# Iris Species Classification using KNN
This notebook uses the Kaggle Iris dataset (`Iris.csv`), applies KNN classification, and evaluates performance under measurement noise.

In [None]:
import pandas as pd
import numpy as np
import matplotlib.pyplot as plt
import seaborn as sns
from sklearn.model_selection import train_test_split
from sklearn.neighbors import KNeighborsClassifier
from sklearn.metrics import accuracy_score

# Load the Kaggle Iris dataset
df = pd.read_csv('Iris.csv')

# Rename columns for consistency
df.rename(columns={
    'SepalLengthCm': 'sepal_length',
    'SepalWidthCm': 'sepal_width',
    'PetalLengthCm': 'petal_length',
    'PetalWidthCm': 'petal_width',
    'Species': 'species'
}, inplace=True)
df.head()

## Data Exploration
Scatter plot of petal_length vs petal_width.

In [None]:
plt.figure(figsize=(8,6))
sns.scatterplot(data=df, x='petal_length', y='petal_width', hue='species')
plt.title('Petal Length vs Petal Width by Species')
plt.show()

## KNN Classification
Split into train/test and evaluate with Euclidean and Manhattan distances.

In [None]:
X = df.drop(['Id','species'], axis=1)
y = df['species']

X_train, X_test, y_train, y_test = train_test_split(X, y, test_size=0.2, random_state=42)

# Euclidean
knn_euclidean = KNeighborsClassifier(n_neighbors=5, metric='euclidean')
knn_euclidean.fit(X_train, y_train)
acc_euclidean = knn_euclidean.score(X_test, y_test)

# Manhattan
knn_manhattan = KNeighborsClassifier(n_neighbors=5, metric='manhattan')
knn_manhattan.fit(X_train, y_train)
acc_manhattan = knn_manhattan.score(X_test, y_test)

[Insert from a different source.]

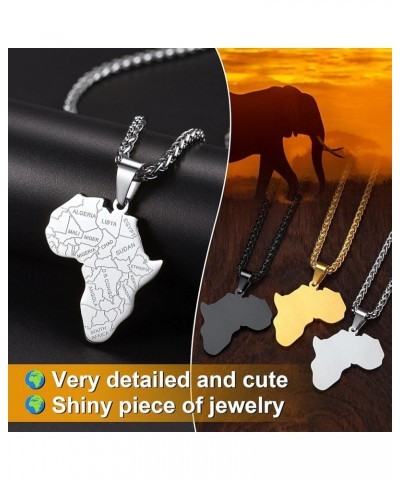 Men African Continent Necklace Adjustable, Africa Map Jewelry, 316L Stainless Steel/Gold Plated (Send Gift Box) 2-Stainless A...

acc_euclidean, acc_manhattan

## Hyperparameter Tuning
Test k values from 1 to 10 using Euclidean distance.

In [None]:
accuracies = []
k_values = range(1, 11)

for k in k_values:
    knn = KNeighborsClassifier(n_neighbors=k, metric='euclidean')
    knn.fit(X_train, y_train)
    acc = knn.score(X_test, y_test)
    accuracies.append(acc)

plt.figure(figsize=(8,6))
plt.plot(k_values, accuracies, marker='o')
plt.xlabel('Number of Neighbors (k)')
plt.ylabel('Test Accuracy')
plt.title('KNN Accuracy vs k (Euclidean)')
plt.show()

best_k = k_values[np.argmax(accuracies)]
best_accuracy = max(accuracies)
best_k, best_accuracy

## Reflection
- Euclidean vs Manhattan: Euclidean often performs slightly better on the Iris dataset due to its continuous, rounded feature space and clear separation between species. Manhattan can be more sensitive to axis-aligned noise and outliers.
- Preprocessing suggestion: **Scaling (StandardScaler or MinMaxScaler)** is important for KNN because distances are affected by feature magnitudes. Scaling ensures that features like petal length (larger values) don’t dominate smaller ones like petal width.